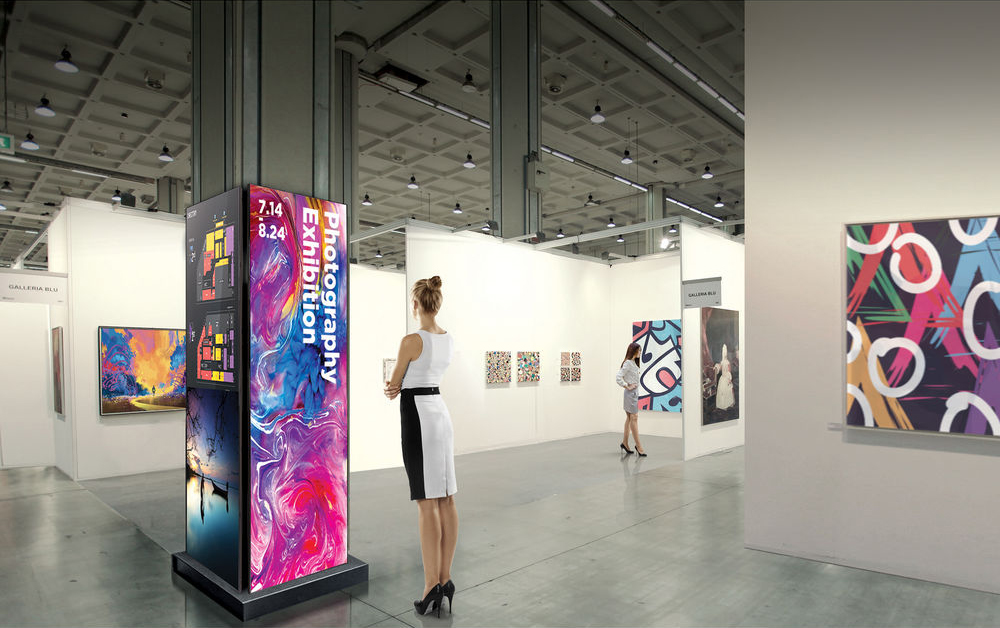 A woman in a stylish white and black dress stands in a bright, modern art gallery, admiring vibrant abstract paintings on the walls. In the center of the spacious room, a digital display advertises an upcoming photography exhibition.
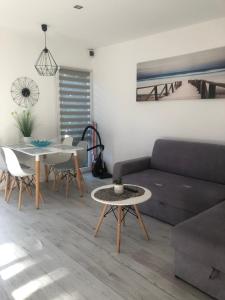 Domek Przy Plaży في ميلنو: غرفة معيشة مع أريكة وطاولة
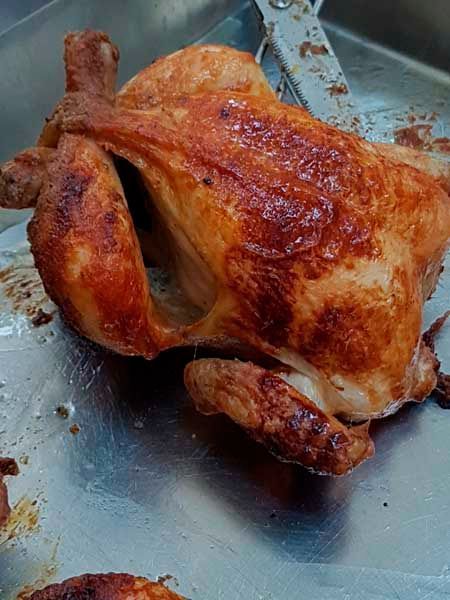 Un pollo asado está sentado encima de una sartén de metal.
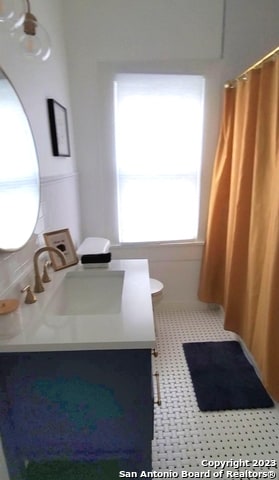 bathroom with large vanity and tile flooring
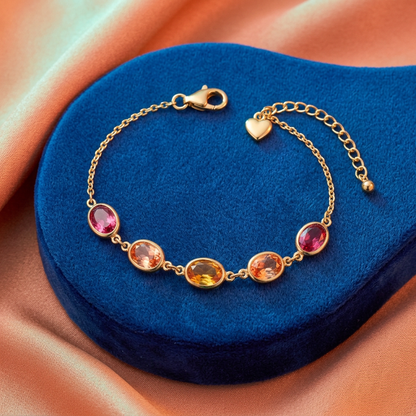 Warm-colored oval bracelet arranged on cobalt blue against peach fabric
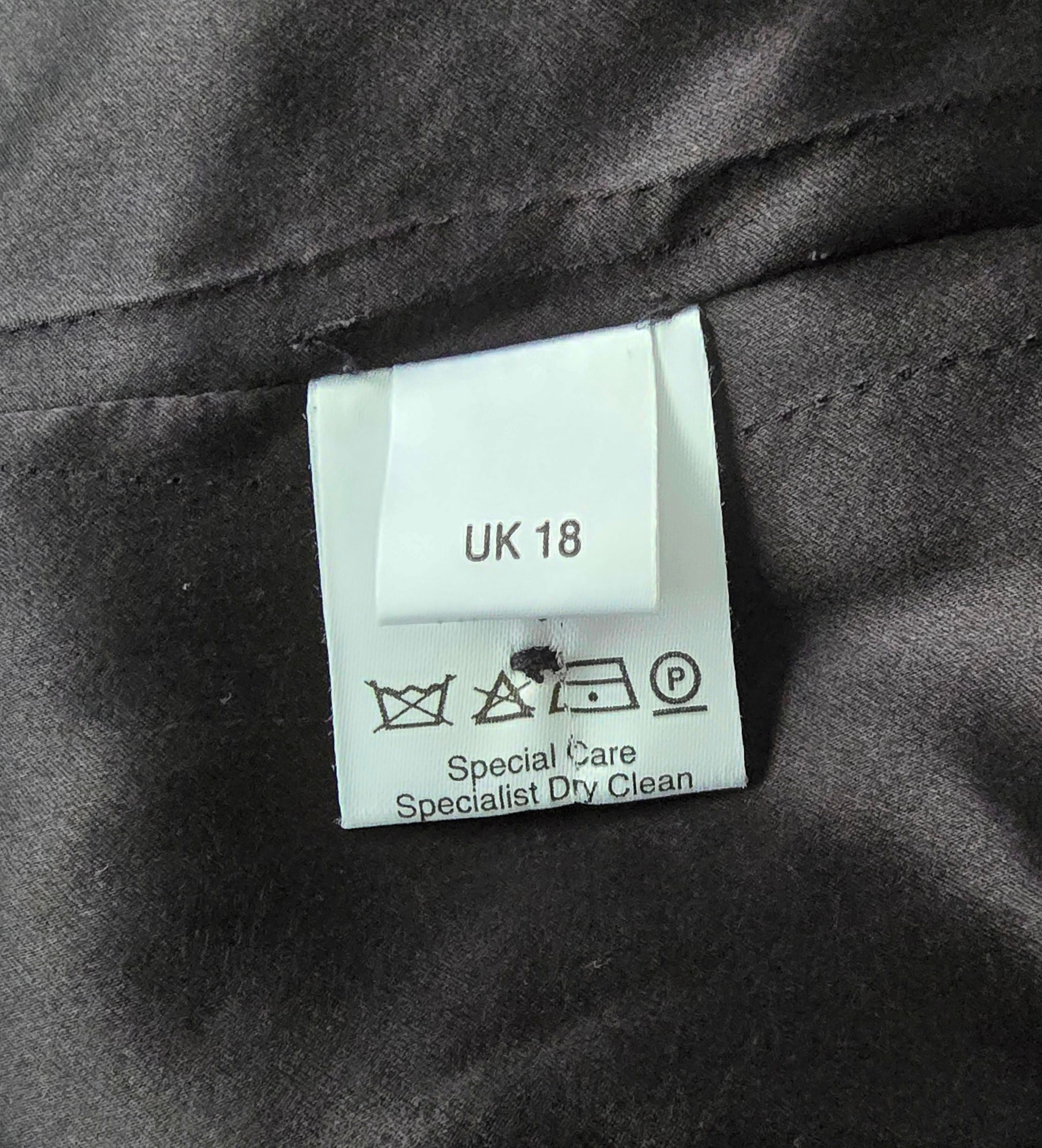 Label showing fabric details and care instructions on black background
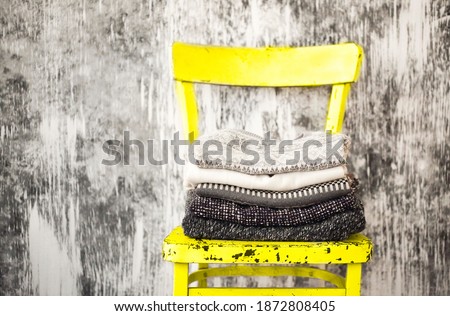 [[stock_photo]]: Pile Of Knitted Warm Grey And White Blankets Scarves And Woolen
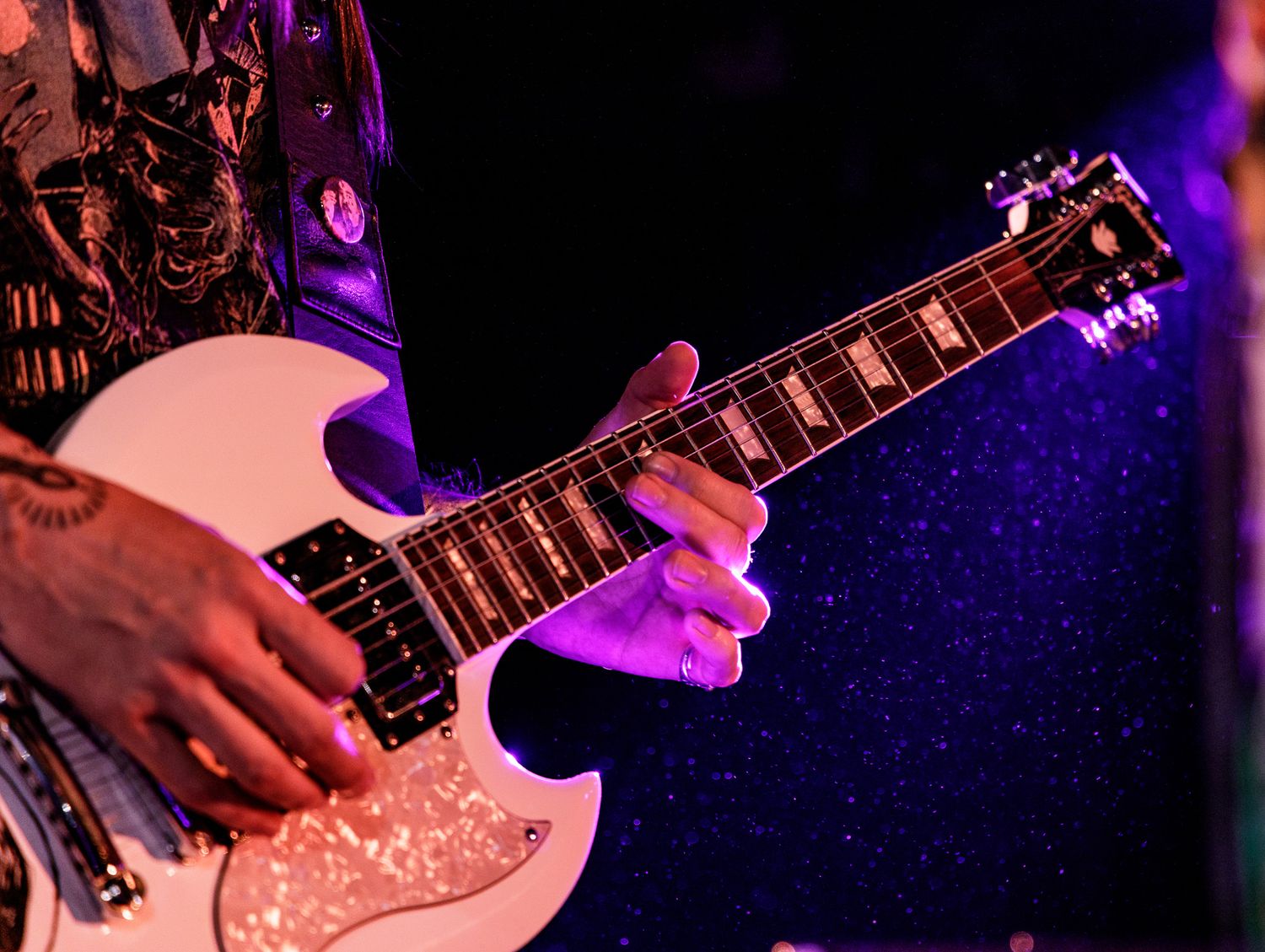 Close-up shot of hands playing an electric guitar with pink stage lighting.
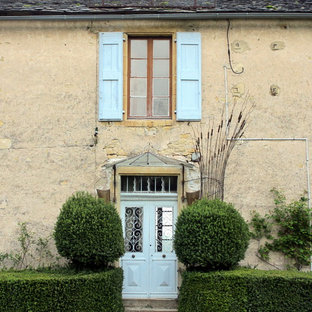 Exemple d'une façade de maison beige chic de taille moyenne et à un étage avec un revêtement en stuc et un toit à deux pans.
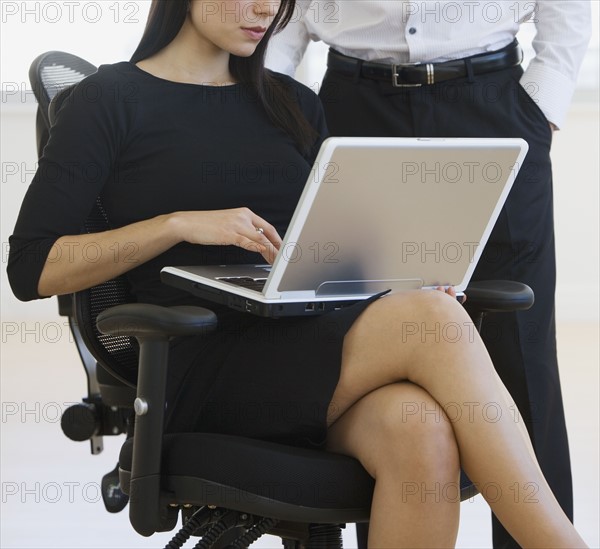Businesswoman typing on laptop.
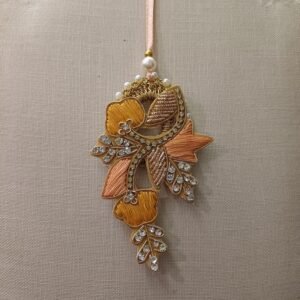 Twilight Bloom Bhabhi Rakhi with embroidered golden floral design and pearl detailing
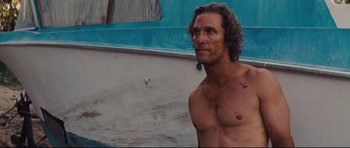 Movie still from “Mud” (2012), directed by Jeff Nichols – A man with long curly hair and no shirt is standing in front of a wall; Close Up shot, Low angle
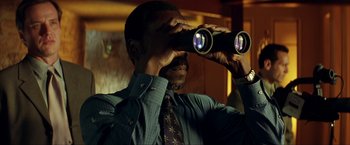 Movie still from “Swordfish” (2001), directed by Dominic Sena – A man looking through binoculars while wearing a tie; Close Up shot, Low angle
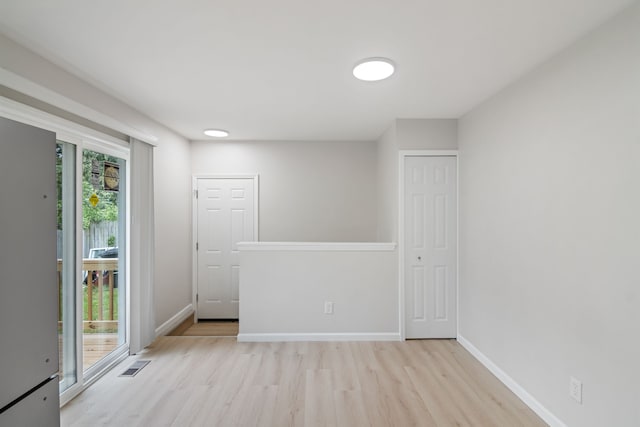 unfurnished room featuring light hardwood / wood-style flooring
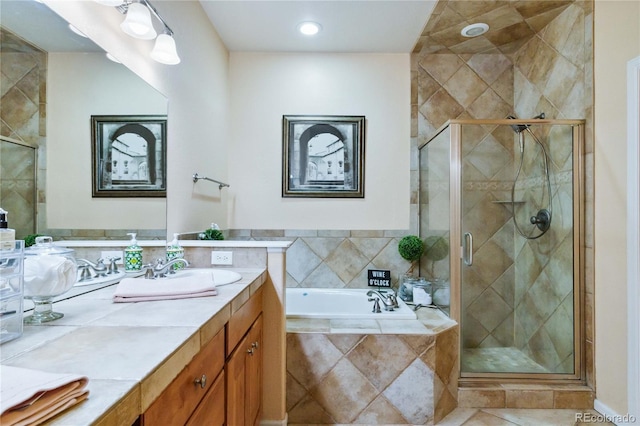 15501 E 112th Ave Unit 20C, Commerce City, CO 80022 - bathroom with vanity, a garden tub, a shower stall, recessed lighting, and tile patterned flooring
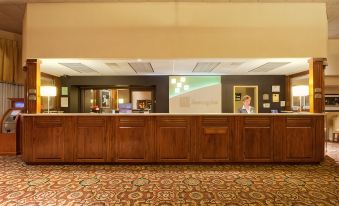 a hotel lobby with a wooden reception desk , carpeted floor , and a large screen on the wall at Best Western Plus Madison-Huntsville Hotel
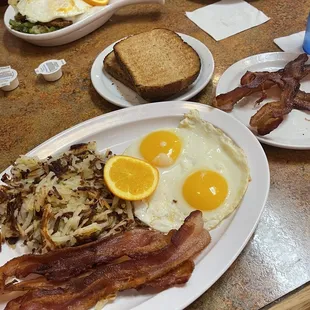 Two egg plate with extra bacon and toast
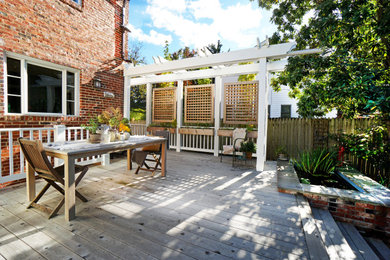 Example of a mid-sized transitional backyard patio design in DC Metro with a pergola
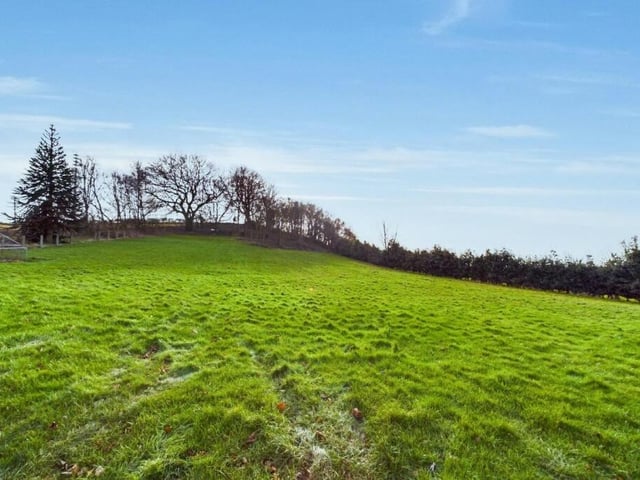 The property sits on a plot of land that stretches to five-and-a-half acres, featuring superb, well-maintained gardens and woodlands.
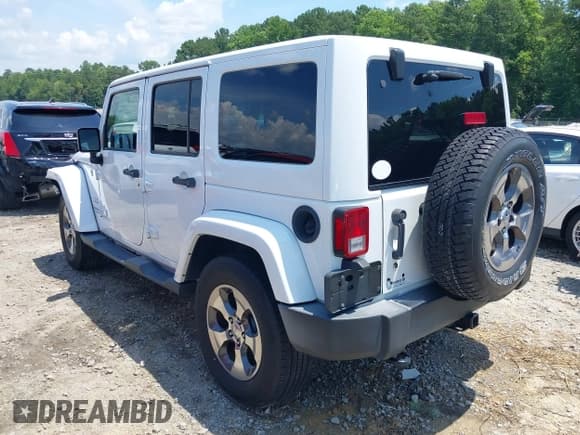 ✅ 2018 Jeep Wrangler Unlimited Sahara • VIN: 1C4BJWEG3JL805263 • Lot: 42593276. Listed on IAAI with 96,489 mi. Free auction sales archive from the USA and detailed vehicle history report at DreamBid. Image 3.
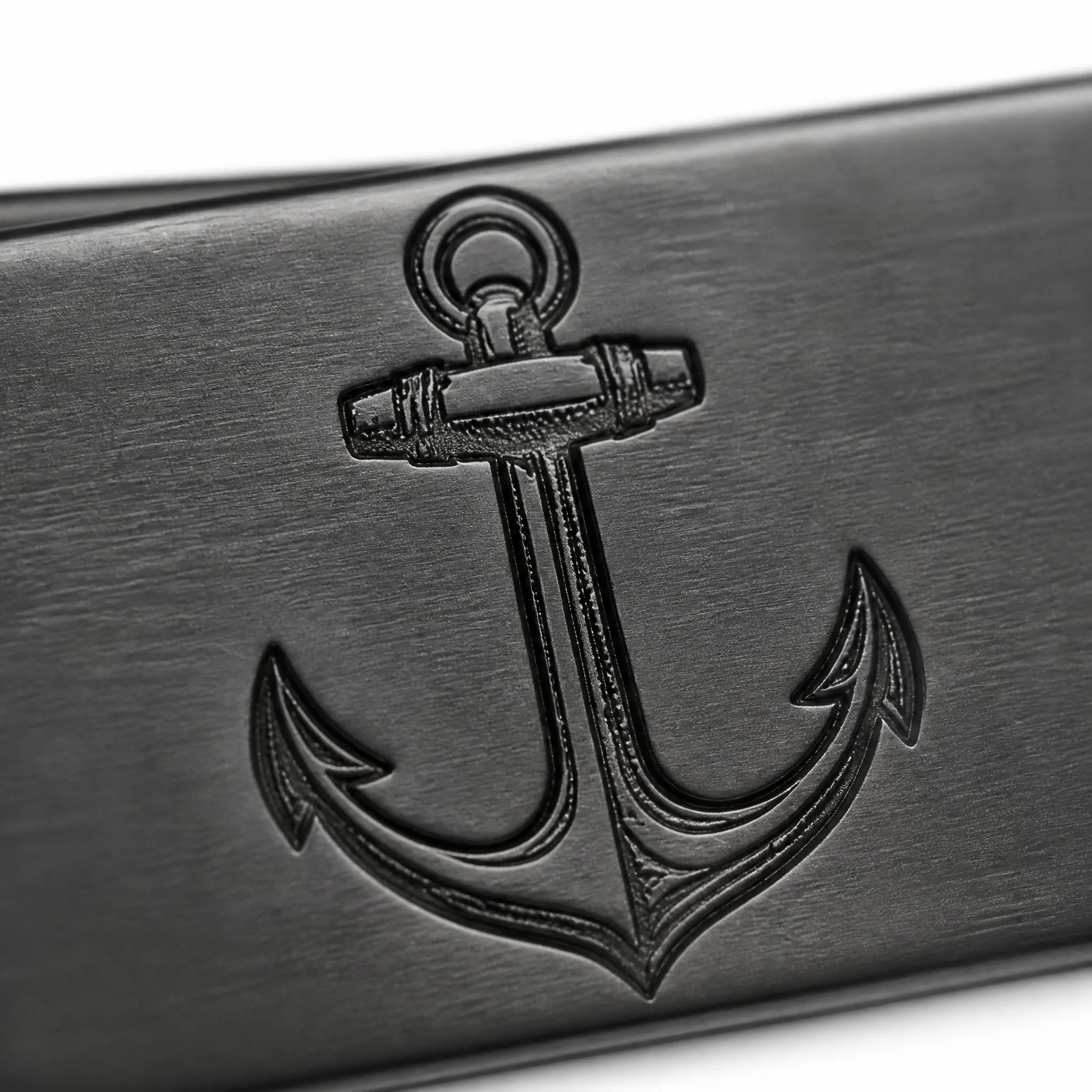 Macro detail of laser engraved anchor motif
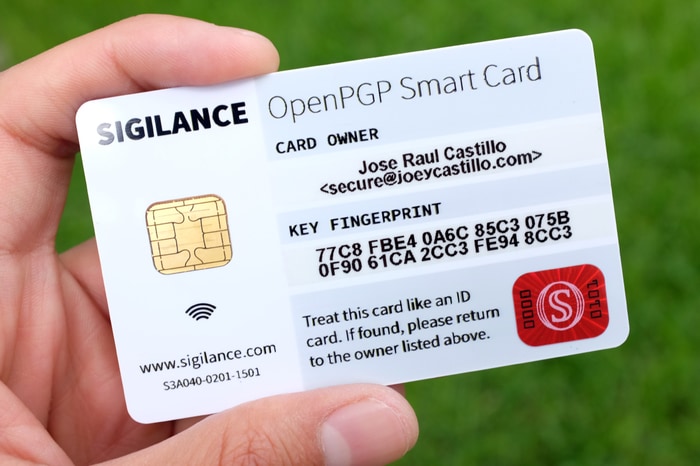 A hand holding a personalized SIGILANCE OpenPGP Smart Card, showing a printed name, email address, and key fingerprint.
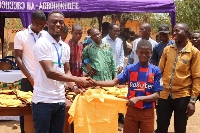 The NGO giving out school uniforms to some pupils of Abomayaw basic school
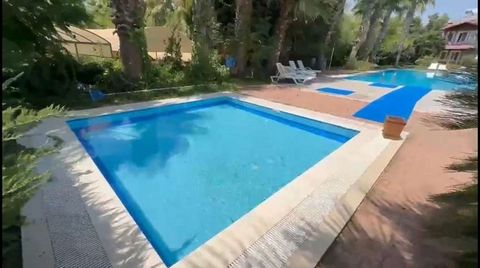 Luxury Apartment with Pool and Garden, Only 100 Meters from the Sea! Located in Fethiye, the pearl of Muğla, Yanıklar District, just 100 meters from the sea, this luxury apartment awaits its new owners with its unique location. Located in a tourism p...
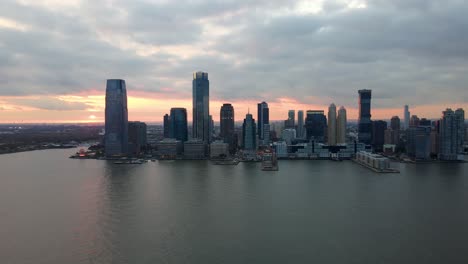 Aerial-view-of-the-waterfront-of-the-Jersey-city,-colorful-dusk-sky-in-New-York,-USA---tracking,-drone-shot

▸ WHAT IS REQUIRED: Reproduce the full listing above verbatim, with no pictures included.

▸ EXPECTED OUTPUT:
 A woman in a stylish white and black dress stands in a bright, modern art gallery, admiring vibrant abstract paintings on the walls. In the center of the spacious room, a digital display advertises an upcoming photography exhibition.
 Domek Przy Plaży في ميلنو: غرفة معيشة مع أريكة وطاولة
 Un pollo asado está sentado encima de una sartén de metal.
 bathroom with large vanity and tile flooring
 Warm-colored oval bracelet arranged on cobalt blue against peach fabric
 Label showing fabric details and care instructions on black background
 [[stock_photo]]: Pile Of Knitted Warm Grey And White Blankets Scarves And Woolen
 Close-up shot of hands playing an electric guitar with pink stage lighting.
 Exemple d'une façade de maison beige chic de taille moyenne et à un étage avec un revêtement en stuc et un toit à deux pans.
Businesswoman typing on laptop.
 Twilight Bloom Bhabhi Rakhi with embroidered golden floral design and pearl detailing
 Movie still from “Mud” (2012), directed by Jeff Nichols – A man with long curly hair and no shirt is standing in front of a wall; Close Up shot, Low angle
 Movie still from “Swordfish” (2001), directed by Dominic Sena – A man looking through binoculars while wearing a tie; Close Up shot, Low angle
 unfurnished room featuring light hardwood / wood-style flooring
 15501 E 112th Ave Unit 20C, Commerce City, CO 80022 - bathroom with vanity, a garden tub, a shower stall, recessed lighting, and tile patterned flooring
 a hotel lobby with a wooden reception desk , carpeted floor , and a large screen on the wall at Best Western Plus Madison-Huntsville Hotel
 Two egg plate with extra bacon and toast
 Example of a mid-sized transitional backyard patio design in DC Metro with a pergola
 The property sits on a plot of land that stretches to five-and-a-half acres, featuring superb, well-maintained gardens and woodlands.
 ✅ 2018 Jeep Wrangler Unlimited Sahara • VIN: 1C4BJWEG3JL805263 • Lot: 42593276. Listed on IAAI with 96,489 mi. Free auction sales archive from the USA and detailed vehicle history report at DreamBid. Image 3.
 Macro detail of laser engraved anchor motif
 A hand holding a personalized SIGILANCE OpenPGP Smart Card, showing a printed name, email address, and key fingerprint.
 The NGO giving out school uniforms to some pupils of Abomayaw basic school
 Luxury Apartment with Pool and Garden, Only 100 Meters from the Sea! Located in Fethiye, the pearl of Muğla, Yanıklar District, just 100 meters from the sea, this luxury apartment awaits its new owners with its unique location. Located in a tourism p...
 Aerial-view-of-the-waterfront-of-the-Jersey-city,-colorful-dusk-sky-in-New-York,-USA---tracking,-drone-shot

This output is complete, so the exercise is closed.